I’ve now officially been away from home for two weeks, and I am still alive. It seems like half of my thoughts are about missing home, while the other half are about feeling at home where I am now. This is good, I think. I haven’t cried about missing my Ohio home yet, and if you know me at all, you know that this is a good sign.

It feels like longer, though, that I have been away. I have teaching jobs lined up, have met new people and some new friends, have crossed the border to and from Nicaragua on foot, and have even acquired part time use of a golf cart in exchange for private yoga sessions.

Like the rest of my life, doors are opening, only this time I’m walking through faster and not wasting as much time using my thinking brain, as opposed to my feeling gut. I’ve learned throughout my life that my feelings are much more reliable than my thoughts that were based on what I was taught to believe. Isn’t that what Yoga teaches us? That we learn to trust ourselves and our basic instincts again, undoing all that was taught to us as the way things “should” be.

I initially took this journey with the idea that I would not “work”. I had hoped to come here to rest, to explore the country and other countries, and to read, write and exercise daily. When I was asked to teach, my initial reaction went something like this, “Noooooooooooooo! I just want to sit! I’m tired! I want someone to teach me and to rest. I don’t want to think!” Then my gut kicked in. “Yes!” is how I felt and how I immediately responded without hesitation.
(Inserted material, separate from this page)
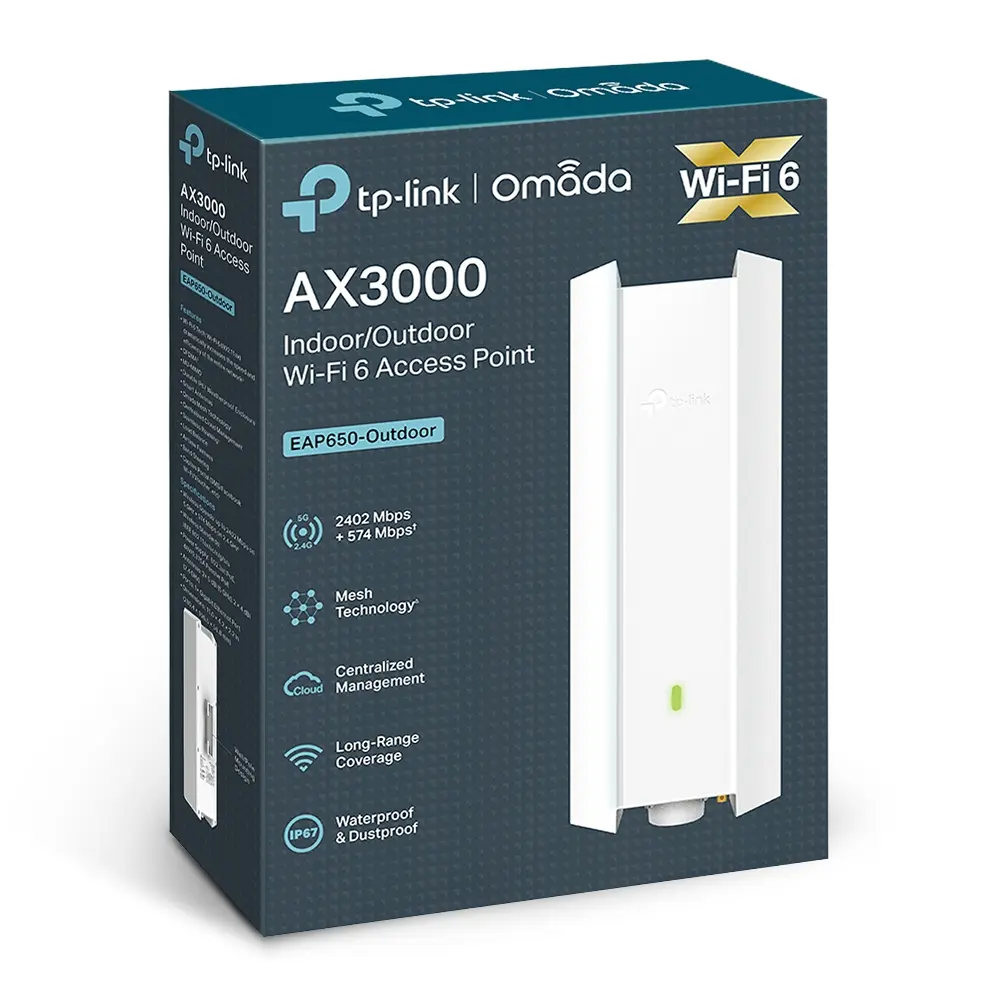 Omada EAP650-OUTDOOR WiFi 6 Access Point Photo 9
I love teaching yoga. I love the way my students’ breathe different at the end of their class compared to when they walk in. I love hearing the big sighs of relief as they settle into a relaxing pose, or the way they look proud of themselves as they find balance in a standing pose. I live for the stories of how yoga has changed their lives, and I learn from each class I teach on how to be a better teacher, and a better person.

In Nicaragua last week, I had the incredible opportunity to teach the children of the Barrio Planta Project in San Juan del Sur, again.  I had wondered beforehand if it would be as exciting, fun, and rewarding as it was the first time.  It was.  I can’t explain what it felt like to stand in front of so many children of all ages and my peers and friends of the LiveLife Light retreat, and watch them all gleaming from ear to ear as they followed me in a ridiculous mix of yoga asana and animal noises.  The language barrier forced me to use my imagination to convey the name of the poses I lead.  I “moo-ed” for cow, “meow-ed” for cat, and even howled in downward facing dog.  I learned Spanish for inhale, exhale, and a few others, by asking the children, “como se dice…?” (how do you say…?)  That few hours we spent there had me feeling like a kid myself, laughing and playing and being completely present.  I want more of that feeling!

I have no idea what I am doing here in Costa Rica, but that is what keeps me in the moment.  During our retreat I learned that I have more dreams to live out.  I have more goals, more plans, and also that maybe I could focus on the way I want to feel more than what I want to do. I learned a lot this time around, and would do it again in a heartbeat.  I feel open and willing to listen, to learn and to explore without expectation.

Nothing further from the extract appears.